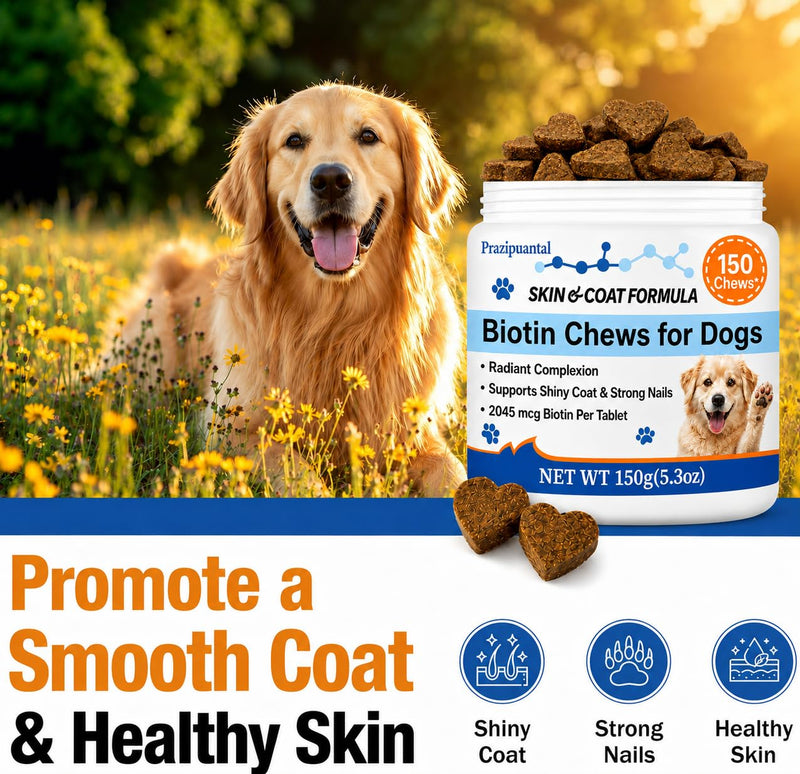 Biotin for Dogs Soft Chews, Skin and Coat Supplement for Dog Shedding and Dry Skin Relief, High Potency Dog Nail Strengthener with 42% Protein and B-Vitamin Complex, Chicken Flavor 150 Count
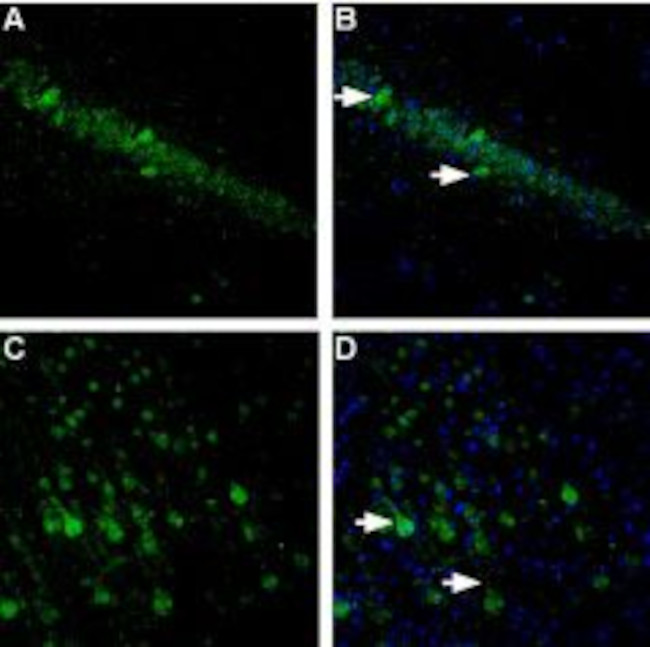 Neuroligin 1 (extracellular) Antibody in Immunohistochemistry (Frozen) (IHC (F))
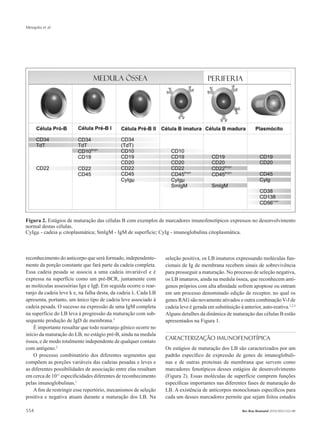 Mesquita et al.
554 Rev Bras Reumatol 2010;50(5):552-80
reconhecimento do anticorpo que será formado, independente-
mente da porção constante que fará parte da cadeia completa.
Essa cadeia pesada se associa a uma cadeia invariável e é
expressa na superfície como um pré-BCR, juntamente com
as moléculas assessórias Igα e Igβ. Em seguida ocorre o rear-
ranjo da cadeia leve k e, na falha desta, da cadeia λ. Cada LB
apresenta, portanto, um único tipo de cadeia leve associado à
cadeia pesada. O sucesso na expressão de uma IgM completa
na superfície do LB leva à progressão da maturação com sub-
sequente produção de IgD de membrana.3
É importante ressaltar que todo rearranjo gênico ocorre no
início da maturação do LB, no estágio pré-B, ainda na medula
óssea, e de modo totalmente independente de qualquer contato
com antígeno.2
O processo combinatório dos diferentes segmentos que
compõem as porções variáveis das cadeias pesadas e leves e
as diferentes possibilidades de associação entre elas resultam
em cerca de 1011
especificidades diferentes de reconhecimento
pelas imunoglobulinas.1
A fim de restringir esse repertório, mecanismos de seleção
positiva e negativa atuam durante a maturação dos LB. Na
Figura 2. Estágios de maturação das células B com exemplos de marcadores imunofenotípicos expressos no desenvolvimento
normal destas células.
CyIgµ - cadeia µ citoplasmática; SmIgM - IgM de superfície; CyIg - imunoglobulina citoplasmática.
seleção positiva, os LB imaturos expressando moléculas fun-
cionais de Ig de membrana recebem sinais de sobrevivência
para prosseguir a maturação. No processo de seleção negativa,
os LB imaturos, ainda na medula óssea, que reconhecem antí-
genos próprios com alta afinidade sofrem apoptose ou entram
em um processo denominado edição de receptor, no qual os
genes RAG são novamente ativados e outra combinação V-J de
cadeia leve é gerada em substituição à anterior, auto-reativa.1,2,3
Alguns detalhes da dinâmica de maturação das células B estão
apresentados na Figura 1.
CARACTERIZAÇÃO IMUNOFENOTÍPICA
Os estágios de maturação dos LB são caracterizados por um
padrão específico de expressão de genes de imunoglobuli-
nas e de outras proteínas de membrana que servem como
marcadores fenotípicos desses estágios de desenvolvimento
(Figura 2). Essas moléculas de superfície cumprem funções
específicas importantes nas diferentes fases de maturação do
LB. A existência de anticorpos monoclonais específicos para
cada um desses marcadores permite que sejam feitos estudos
RBR 50_5.indb 554 21/10/2010 15:46:46
 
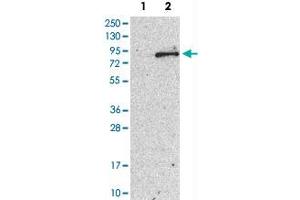 Western Blot analysis of Lane 1: negative control (vector only transfected HEK293T cell lysate) and Lane 2: over-expression lysate (co-expressed with a C-terminal myc-DDK tag in mammalian HEK293T cells) with TEC polyclonal antibody .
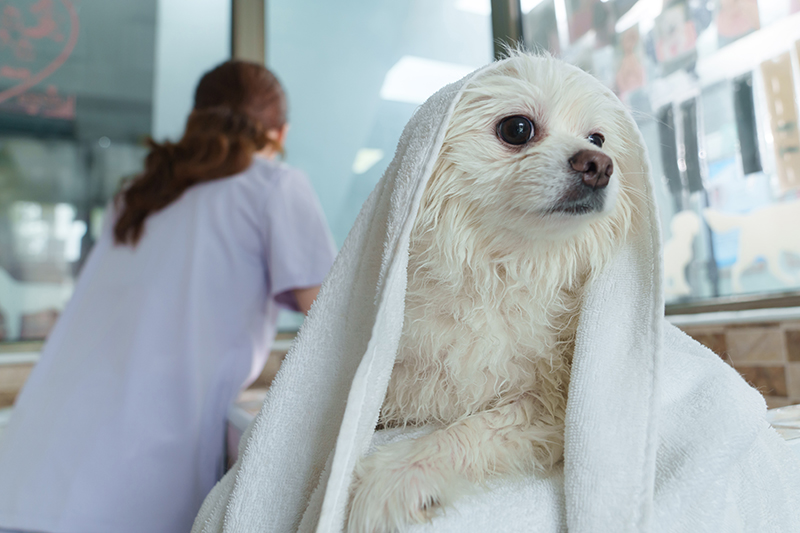 ANTIBACTERIA--PET-KNITWEAR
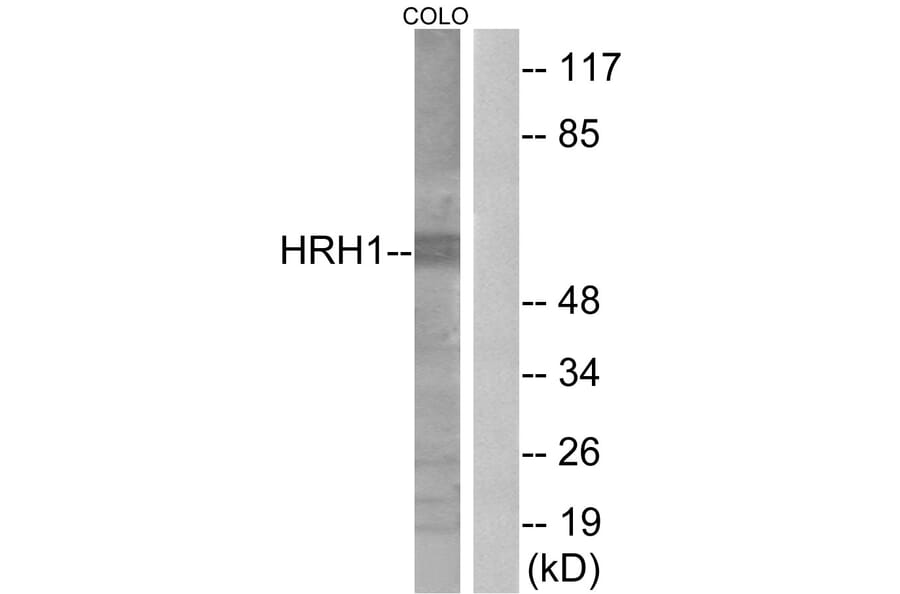 Western Blot - Anti-HRH1 Antibody (G369) - Antibodies.com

### [WORK ORDER]
Search the material above for the string "negativa". Show every line that holds it.

### [THE ANSWER]
positiva e negativa atuam durante a maturação dos LB. Na
para prosseguir a maturação. No processo de seleção negativa,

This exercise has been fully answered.